In recognition of International Women’s Day 2017, celebrated every year on March 8, we bring you the story of our Research Associate, confident of her ability to contribute towards a solution to one of Africa’s devastating crop diseases. She has been bold enough—in line with this year’s theme—stepping out and embracing opportunities that allow her to make a difference in a male dominated field .
Meet Anne Njoroge, a molecular pathologist working at the International Potato Center (CIP) in sub-Saharan Africa (SSA), based in Nairobi, Kenya. Anne uses molecular techniques to study organisms and environmental conditions that cause diseases in plants. Her current focus is on potato. Since 2012, she has been studying the highly destructive pathogen Phytophthora Infestans, responsible for causing the potato late blight disease, the cause of the famous Irish famine in the 1840’s. In SSA, potato late blight causes losses amounting to 2.75 billion USD per year, and Anne is helping find a solution to this problem.

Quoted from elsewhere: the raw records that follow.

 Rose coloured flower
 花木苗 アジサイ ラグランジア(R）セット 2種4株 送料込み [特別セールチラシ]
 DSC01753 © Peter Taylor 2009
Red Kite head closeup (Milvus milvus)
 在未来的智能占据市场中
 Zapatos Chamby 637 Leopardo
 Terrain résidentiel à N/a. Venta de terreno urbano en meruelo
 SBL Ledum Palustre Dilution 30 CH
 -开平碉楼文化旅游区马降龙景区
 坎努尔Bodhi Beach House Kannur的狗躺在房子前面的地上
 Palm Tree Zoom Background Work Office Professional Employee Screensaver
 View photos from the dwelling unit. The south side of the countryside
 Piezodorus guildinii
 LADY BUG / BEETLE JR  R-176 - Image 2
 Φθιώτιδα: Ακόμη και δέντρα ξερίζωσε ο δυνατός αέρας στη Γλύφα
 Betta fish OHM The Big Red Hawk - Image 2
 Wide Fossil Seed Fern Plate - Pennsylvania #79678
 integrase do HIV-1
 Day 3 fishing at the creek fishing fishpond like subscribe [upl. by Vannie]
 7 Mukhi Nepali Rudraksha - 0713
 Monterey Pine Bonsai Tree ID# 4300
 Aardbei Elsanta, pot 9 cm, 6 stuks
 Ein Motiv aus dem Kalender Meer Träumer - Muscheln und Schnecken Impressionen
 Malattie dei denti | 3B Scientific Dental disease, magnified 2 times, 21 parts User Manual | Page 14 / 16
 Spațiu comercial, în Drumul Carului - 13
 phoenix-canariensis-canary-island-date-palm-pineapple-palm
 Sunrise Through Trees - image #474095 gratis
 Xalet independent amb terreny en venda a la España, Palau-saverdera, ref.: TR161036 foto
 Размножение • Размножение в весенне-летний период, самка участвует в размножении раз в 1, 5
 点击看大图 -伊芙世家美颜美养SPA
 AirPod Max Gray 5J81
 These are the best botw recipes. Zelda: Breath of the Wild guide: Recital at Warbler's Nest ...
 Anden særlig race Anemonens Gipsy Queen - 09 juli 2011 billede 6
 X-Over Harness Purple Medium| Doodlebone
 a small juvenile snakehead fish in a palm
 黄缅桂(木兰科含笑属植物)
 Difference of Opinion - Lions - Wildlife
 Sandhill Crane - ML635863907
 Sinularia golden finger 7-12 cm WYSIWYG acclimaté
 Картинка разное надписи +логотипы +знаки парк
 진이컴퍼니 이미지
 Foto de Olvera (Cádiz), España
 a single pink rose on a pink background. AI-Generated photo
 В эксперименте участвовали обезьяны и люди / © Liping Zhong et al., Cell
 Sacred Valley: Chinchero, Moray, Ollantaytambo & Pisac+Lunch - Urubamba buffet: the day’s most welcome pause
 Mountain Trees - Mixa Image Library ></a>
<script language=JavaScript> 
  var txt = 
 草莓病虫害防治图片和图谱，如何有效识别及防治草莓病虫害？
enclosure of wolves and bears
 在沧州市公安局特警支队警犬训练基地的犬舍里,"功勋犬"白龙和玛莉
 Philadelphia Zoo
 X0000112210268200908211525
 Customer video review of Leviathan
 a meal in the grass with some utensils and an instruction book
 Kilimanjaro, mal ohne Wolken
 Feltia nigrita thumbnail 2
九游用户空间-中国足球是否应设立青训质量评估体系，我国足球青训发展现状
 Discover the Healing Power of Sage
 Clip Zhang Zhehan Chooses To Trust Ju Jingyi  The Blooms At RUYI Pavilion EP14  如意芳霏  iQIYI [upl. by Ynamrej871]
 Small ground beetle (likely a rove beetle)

Her strategy is twofold. The first is build her capacity as an African scientist working in Africa. In late 2016, Anne received a one year Africa Biosciences Challenge Fund (ABCF) fellowship through the Biosciences eastern and central Africa – International Livestock Research Institute (BecA-ILRI) Hub located in Nairobi, Kenya. This means she now has access to the state of the art research facilities at BecA-ILRI Hub and a chance to interact with other renowned scientists, from Africa, hosted at the facility.
“I employ molecular techniques to study pathogen populations, from East and Central Africa. The aim is to generate data to aid the design of better control strategies for late blight,” says Anne. Better control strategies will lead to improved food security and livelihoods for farmers in the region as a result of improved management of the disease, she explains further.
From her work at BecA-ILRI, Anne hopes to build a community of practice (CoP) of African scientists working on Phytophthora diseases. Ultimately, a centralized data management system through the CoP will create a platform for knowledge exchange between late blight networks and African research communities.
The second strategy is to continue availing information on the pathogen population in East Africa to different research groups. At the moment, she is part of the lateblight resistant biotech potato team at CIP which has engineered a genetically modified potato. This potato, with 3R genes, has been tested in Uganda for a period of two years in collaboration with the National Agricultural Research Organization’s (NARO) Kachwekano Zonal Research and Development Institute (KaZARDI), near Kabale in Southwestern Uganda. This work is supported by the United States Agency for International Development (USAID) and the 2 Blades Foundation.
During the confined field evaluations of the biotech potato in Uganda, Anne generated data showing the pathogen population in East Africa is unable to overcome the resistance in the biotech potato. She presented these findings at the 13th International Symposium for Tropical Root Crops – Africa Branch (ISTRC-AB) happening between 6 – 10th March in Dar es Salaam, Tanzania under the theme ‘Expanding Collaboration, Catalyzing Innovation of Root Crops for Accelerating Africa’s Economic Growth”.
Anne recognizes that the journey is never easy for a woman scientist working in a male dominated field. “We have already made great progress. The future is late-blight free; it’s bright,” she concludes.